Como a la Virgen le corresponde el título de Maestra de todas las virtudes, sugiere: ¡Qué buena ocasión nos ofrece este mes tan mariano, dentro del Año jubilar de la misericordia, para pedirle que nos obtenga de su Hijo un aumento grande de esta virtud en nuestra conducta personal!, y pasa a comentar el relato de una escena encantadora de la vida de la Virgen: la visitación a su prima santa Isabel con palabras del Santo Padre Francisco en su homilía en Santa Marta, el 31 de Mayo de 2016: «Estas dos mujeres se encuentran y lo hacen con alegría: ¡ese momento es toda una fiesta! Si aprendiéramos este servicio de ir al encuentro de los demás, ¡cómo cambiaría el mundo! El encuentro es otro signo cristiano. Una persona que dice ser cristiana y no es capaz de ir al encuentro de los demás, no es totalmente cristiana. Tanto el servicio como el encuentro requieren salir de uno mismo: salir para servir y salir para encontrar, para abrazar a otra persona».

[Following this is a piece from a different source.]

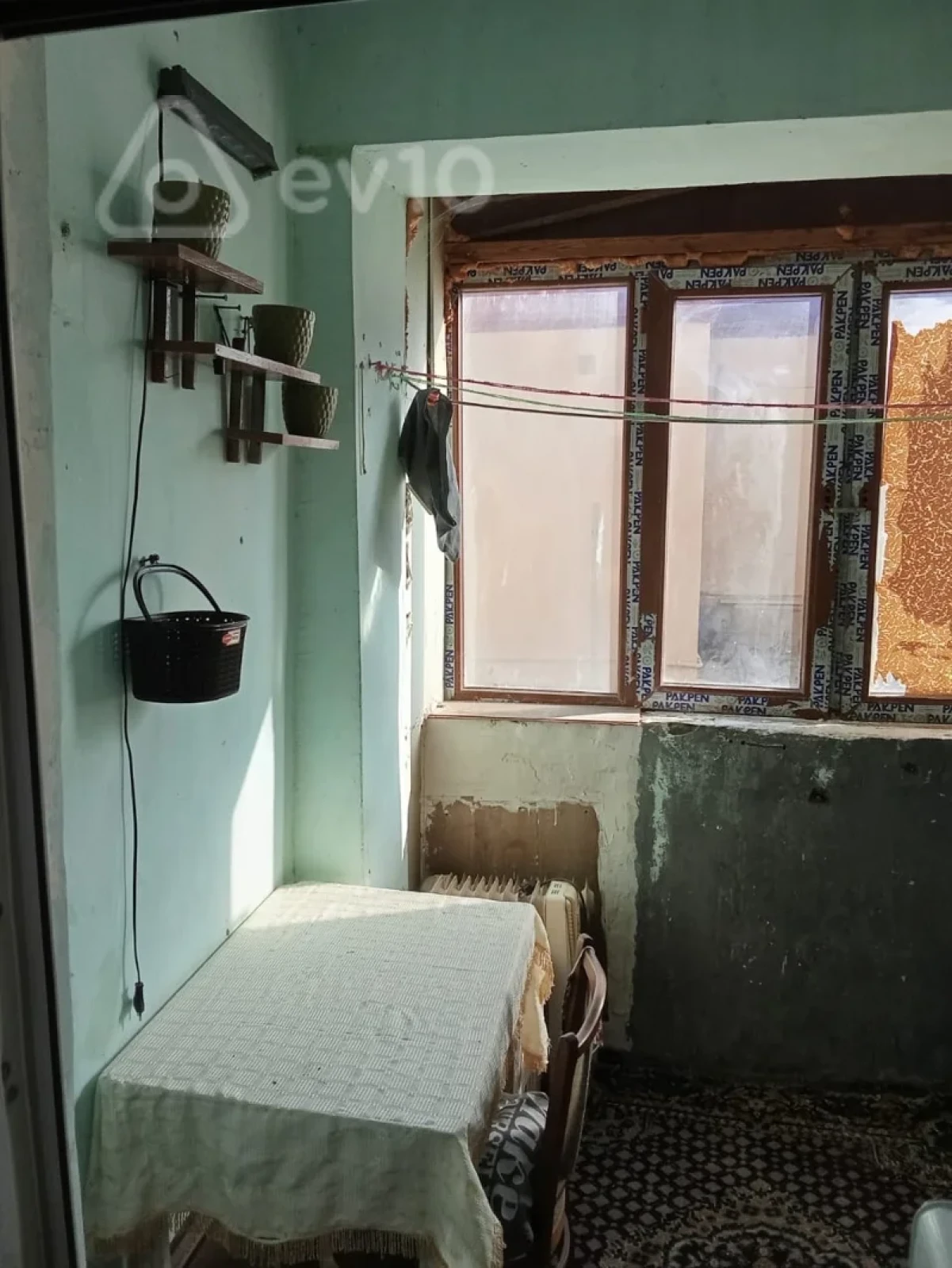 Satılır 4 otaqlı köhnə tikili 74 m²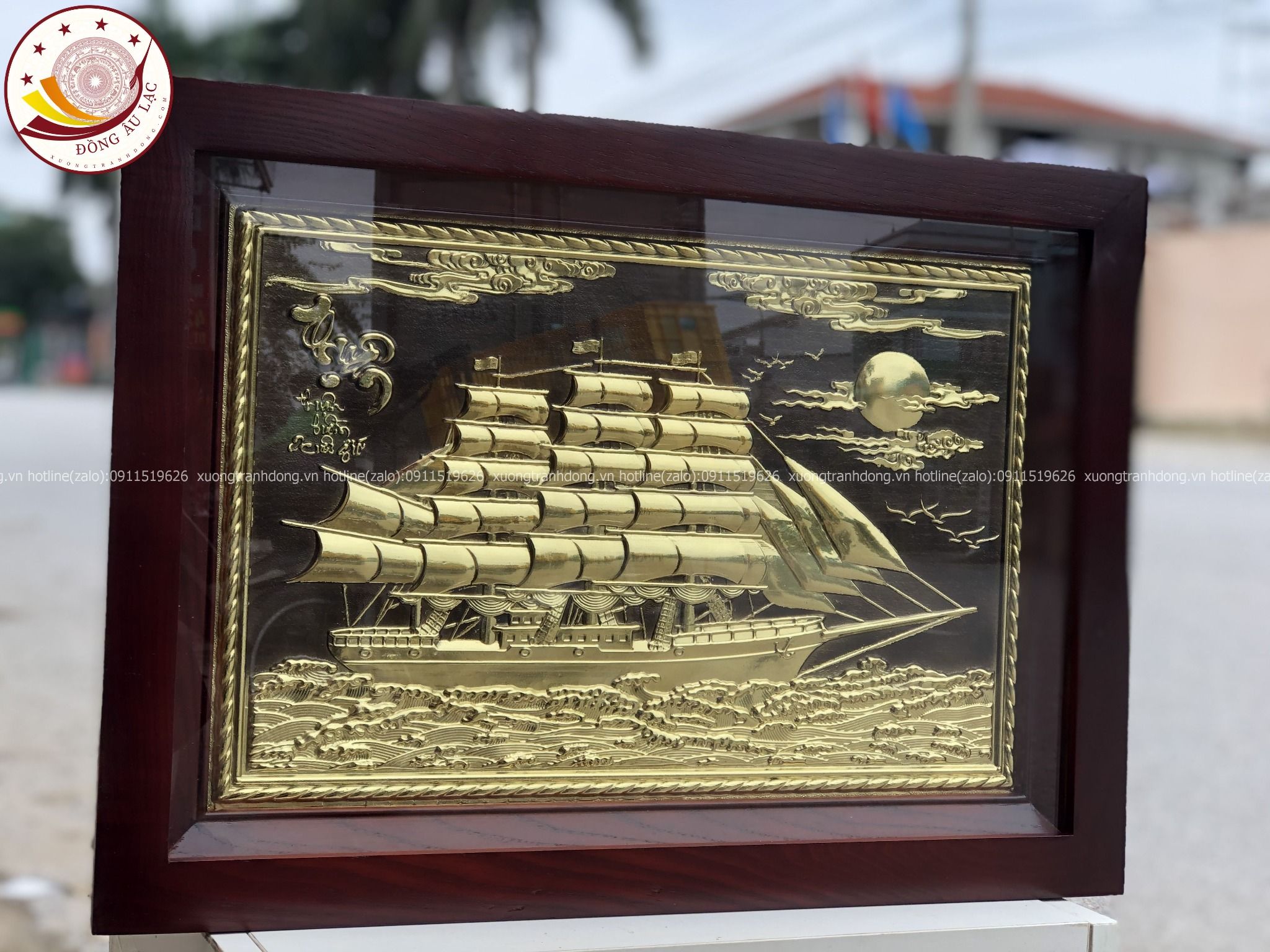 tranh qua tang thuan buom xuoi gio dong vang kich thuoc 38x54cm mau 4 xuong tranh dong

Continúa Mons. Echevarría su Carta pastoral comentando una obra de misericordia: ‘sufrir con paciencia las adversidades’, tanto las que provienen de nuestros propios límites, como las que proceden de fuera, para lo que sugiere: Mantengamos una plena confianza en la misericordia del Señor que, de todos los acontecimientos, sabe sacar el bien. La paciencia crece también como uno de los frutos más sabrosos de la caridad con el prójimo, por lo que, afirma, la misericordia nos ha de conducir a vivir cara hacia los demás con paciencia, también cuando se muestran inoportunos. Todos arrastramos defectos, aristas en el carácter y, aunque no lo busquemos voluntariamente, muchas veces provocamos roces que hieren a los demás: a los miembros de nuestra familia, a los colegas de trabajo, a los amigos, en los momentos de crispación que pueden sobrevenir, por ejemplo, en los atascos del tráfico ciudadano... Todas esas ocasiones nos facilitan una oportunidad para hacer grata la vida a los demás, no guiándonos por un carácter desordenado.
Conllevar con paciencia los defectos de los demás, afirma, nos invita a procurar que esas carencias no nos condicionen a la hora de quererles: no se trata de quererles a pesar de esas limitaciones, sino de quererles con esas limitaciones. Es esta una gracia que podemos pedir al Señor: no detenernos ni justificar nuestras malas reacciones ante las diferencias con los demás que nos disgustan, porque cada una, cada uno, posee siempre mucha más riqueza, más bondad que sus defectos.
Y anota el Prelado lo que san Josemaría sugería en una meditación en el año 1937: “Vamos, pues, a esmerarnos en el cumplimiento de todos nuestros deberes, hasta de los que parecen menos importantes; vamos a aumentar nuestra paciencia en las contradicciones de cada instante, a cuidar los pequeños detalles. Hemos de hacer más vigoroso nuestro esfuerzo por mejorar; para eso, respondamos a Dios en las pequeñas luchas en que Él nos espera. ¿Por qué quedarse resentidos en los roces con caracteres distintos y opuestos, tan propios de la convivencia cotidiana? ¡A luchar, a vencer sobre nosotros mismos!; ahí es donde nos aguarda Dios”.
Afirma, al final de su Carta, refiriéndose a la Jornada Mundial de la Juventud recién concluida, que constituye otro motivo de dar gracias a Dios, al Santo Padre Francisco y a tantas personas que se han prodigado generosamente en su organización, y pide oraciones para que los frutos apostólicos de esos días sean muy abundantes y permanentes, acudiendo también a la intercesión de san Juan Pablo II, que precisamente en Cracovia desarrolló una parte importante de su servicio a la Iglesia y al mundo, y en Czestokowa presidió una Jornada de la Juventud, en la que también participó el queridísimo don Álvaro.
Y una petición final: meted en vuestra oración −como ya hacéis− mis intenciones por la Iglesia, por el Papa, por la Obra, por nuestros hermanos y hermanas enfermos o con dificultades de cualquier tipo, para que sepan sobrenaturalizarlas y unirlas a la Cruz del Señor, apoyados todos y todas en la intercesión segura de la Madre de Dios y Madre nuestra.